**WHAT TO DO:** Extract the line that contains "6141 N Maplewood Avenue, Chicago, IL 60659" and every line after it to the end of the records below, exactly as written and nothing else.

**DATA LISTING:**
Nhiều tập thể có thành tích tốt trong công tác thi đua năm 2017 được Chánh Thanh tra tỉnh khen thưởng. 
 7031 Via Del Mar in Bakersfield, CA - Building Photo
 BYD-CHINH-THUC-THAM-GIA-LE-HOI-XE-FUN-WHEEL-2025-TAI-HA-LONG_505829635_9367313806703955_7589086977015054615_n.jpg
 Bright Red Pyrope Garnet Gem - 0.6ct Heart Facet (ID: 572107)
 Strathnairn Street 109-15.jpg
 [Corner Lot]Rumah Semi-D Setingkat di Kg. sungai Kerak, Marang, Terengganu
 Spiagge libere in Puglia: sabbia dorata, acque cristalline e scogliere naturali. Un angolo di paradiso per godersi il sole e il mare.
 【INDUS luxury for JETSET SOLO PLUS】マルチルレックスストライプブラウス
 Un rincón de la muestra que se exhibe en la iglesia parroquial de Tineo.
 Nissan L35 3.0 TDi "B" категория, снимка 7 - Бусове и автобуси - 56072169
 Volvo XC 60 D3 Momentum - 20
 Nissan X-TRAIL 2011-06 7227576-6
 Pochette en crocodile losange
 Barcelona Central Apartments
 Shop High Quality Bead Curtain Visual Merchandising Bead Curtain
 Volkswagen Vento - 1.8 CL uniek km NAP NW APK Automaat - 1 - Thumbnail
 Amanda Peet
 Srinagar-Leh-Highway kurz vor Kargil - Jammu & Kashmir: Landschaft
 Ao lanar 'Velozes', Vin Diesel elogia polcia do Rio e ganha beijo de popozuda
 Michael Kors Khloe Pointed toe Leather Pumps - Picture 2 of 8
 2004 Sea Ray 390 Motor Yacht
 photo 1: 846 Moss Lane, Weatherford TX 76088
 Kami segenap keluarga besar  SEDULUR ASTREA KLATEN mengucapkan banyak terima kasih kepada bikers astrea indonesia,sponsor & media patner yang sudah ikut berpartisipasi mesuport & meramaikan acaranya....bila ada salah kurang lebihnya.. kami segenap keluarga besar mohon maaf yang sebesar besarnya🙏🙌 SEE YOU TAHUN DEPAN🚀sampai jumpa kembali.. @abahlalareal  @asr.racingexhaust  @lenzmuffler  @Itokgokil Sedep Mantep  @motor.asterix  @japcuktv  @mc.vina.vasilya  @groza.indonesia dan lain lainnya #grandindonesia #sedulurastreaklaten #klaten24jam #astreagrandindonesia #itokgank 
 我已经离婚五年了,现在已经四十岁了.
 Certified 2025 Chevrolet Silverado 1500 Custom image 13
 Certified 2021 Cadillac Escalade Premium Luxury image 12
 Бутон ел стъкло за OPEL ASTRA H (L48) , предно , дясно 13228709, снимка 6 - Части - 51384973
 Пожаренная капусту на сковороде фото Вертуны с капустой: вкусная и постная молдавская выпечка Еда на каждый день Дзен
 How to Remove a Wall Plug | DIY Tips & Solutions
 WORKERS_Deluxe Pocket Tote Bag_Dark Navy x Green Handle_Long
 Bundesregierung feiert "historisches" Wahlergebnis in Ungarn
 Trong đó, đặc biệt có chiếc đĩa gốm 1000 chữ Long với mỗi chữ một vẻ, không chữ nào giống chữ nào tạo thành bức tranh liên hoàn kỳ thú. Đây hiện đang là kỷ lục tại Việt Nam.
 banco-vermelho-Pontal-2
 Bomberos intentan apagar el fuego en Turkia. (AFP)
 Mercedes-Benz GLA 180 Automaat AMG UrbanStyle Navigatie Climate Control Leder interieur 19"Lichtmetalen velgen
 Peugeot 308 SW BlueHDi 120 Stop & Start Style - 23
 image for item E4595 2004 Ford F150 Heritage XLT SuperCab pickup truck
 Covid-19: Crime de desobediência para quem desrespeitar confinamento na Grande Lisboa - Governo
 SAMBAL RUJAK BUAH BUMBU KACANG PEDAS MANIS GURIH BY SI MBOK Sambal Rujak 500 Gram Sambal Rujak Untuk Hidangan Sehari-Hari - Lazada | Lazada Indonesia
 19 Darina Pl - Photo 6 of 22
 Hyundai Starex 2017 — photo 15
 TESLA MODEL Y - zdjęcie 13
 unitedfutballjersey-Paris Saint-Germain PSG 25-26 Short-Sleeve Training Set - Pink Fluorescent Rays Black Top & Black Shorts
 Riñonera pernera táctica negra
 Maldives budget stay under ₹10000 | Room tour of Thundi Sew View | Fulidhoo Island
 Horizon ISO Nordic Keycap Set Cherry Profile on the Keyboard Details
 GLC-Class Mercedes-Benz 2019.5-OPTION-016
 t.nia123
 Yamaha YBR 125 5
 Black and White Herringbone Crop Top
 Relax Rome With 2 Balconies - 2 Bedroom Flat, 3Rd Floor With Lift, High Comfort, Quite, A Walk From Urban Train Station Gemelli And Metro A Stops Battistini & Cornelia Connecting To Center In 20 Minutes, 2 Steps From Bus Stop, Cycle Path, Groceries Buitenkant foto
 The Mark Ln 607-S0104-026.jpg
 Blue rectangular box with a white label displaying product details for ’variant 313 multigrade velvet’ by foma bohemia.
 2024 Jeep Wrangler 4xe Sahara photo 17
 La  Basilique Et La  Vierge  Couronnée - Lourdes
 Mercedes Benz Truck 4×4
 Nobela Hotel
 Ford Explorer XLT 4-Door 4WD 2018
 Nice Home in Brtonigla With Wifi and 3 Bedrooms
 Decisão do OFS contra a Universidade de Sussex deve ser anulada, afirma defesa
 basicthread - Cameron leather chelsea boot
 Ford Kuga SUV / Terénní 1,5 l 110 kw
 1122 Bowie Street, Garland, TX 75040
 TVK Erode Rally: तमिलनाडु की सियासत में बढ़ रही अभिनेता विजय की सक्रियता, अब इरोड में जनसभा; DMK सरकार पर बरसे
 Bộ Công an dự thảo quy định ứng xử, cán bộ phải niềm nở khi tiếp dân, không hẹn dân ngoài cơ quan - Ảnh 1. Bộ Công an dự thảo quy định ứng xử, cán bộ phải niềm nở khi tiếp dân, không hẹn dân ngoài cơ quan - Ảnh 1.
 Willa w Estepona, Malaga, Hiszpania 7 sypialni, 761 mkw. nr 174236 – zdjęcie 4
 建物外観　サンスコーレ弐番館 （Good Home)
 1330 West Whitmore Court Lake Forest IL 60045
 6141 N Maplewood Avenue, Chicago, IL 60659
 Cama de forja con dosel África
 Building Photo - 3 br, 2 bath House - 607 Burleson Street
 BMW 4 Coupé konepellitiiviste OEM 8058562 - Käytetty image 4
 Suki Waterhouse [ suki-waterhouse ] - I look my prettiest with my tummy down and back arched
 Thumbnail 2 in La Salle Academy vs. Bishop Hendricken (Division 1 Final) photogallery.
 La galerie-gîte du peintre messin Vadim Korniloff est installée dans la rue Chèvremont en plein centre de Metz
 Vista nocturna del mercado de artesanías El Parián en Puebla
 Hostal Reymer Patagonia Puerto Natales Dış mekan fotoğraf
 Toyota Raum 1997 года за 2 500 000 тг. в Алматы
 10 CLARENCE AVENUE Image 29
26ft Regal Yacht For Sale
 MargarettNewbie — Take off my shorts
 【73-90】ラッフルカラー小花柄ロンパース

**REPLY TO THE TASK:**
 6141 N Maplewood Avenue, Chicago, IL 60659
 Cama de forja con dosel África
 Building Photo - 3 br, 2 bath House - 607 Burleson Street
 BMW 4 Coupé konepellitiiviste OEM 8058562 - Käytetty image 4
 Suki Waterhouse [ suki-waterhouse ] - I look my prettiest with my tummy down and back arched
 Thumbnail 2 in La Salle Academy vs. Bishop Hendricken (Division 1 Final) photogallery.
 La galerie-gîte du peintre messin Vadim Korniloff est installée dans la rue Chèvremont en plein centre de Metz
 Vista nocturna del mercado de artesanías El Parián en Puebla
 Hostal Reymer Patagonia Puerto Natales Dış mekan fotoğraf
 Toyota Raum 1997 года за 2 500 000 тг. в Алматы
 10 CLARENCE AVENUE Image 29
26ft Regal Yacht For Sale
 MargarettNewbie — Take off my shorts
 【73-90】ラッフルカラー小花柄ロンパース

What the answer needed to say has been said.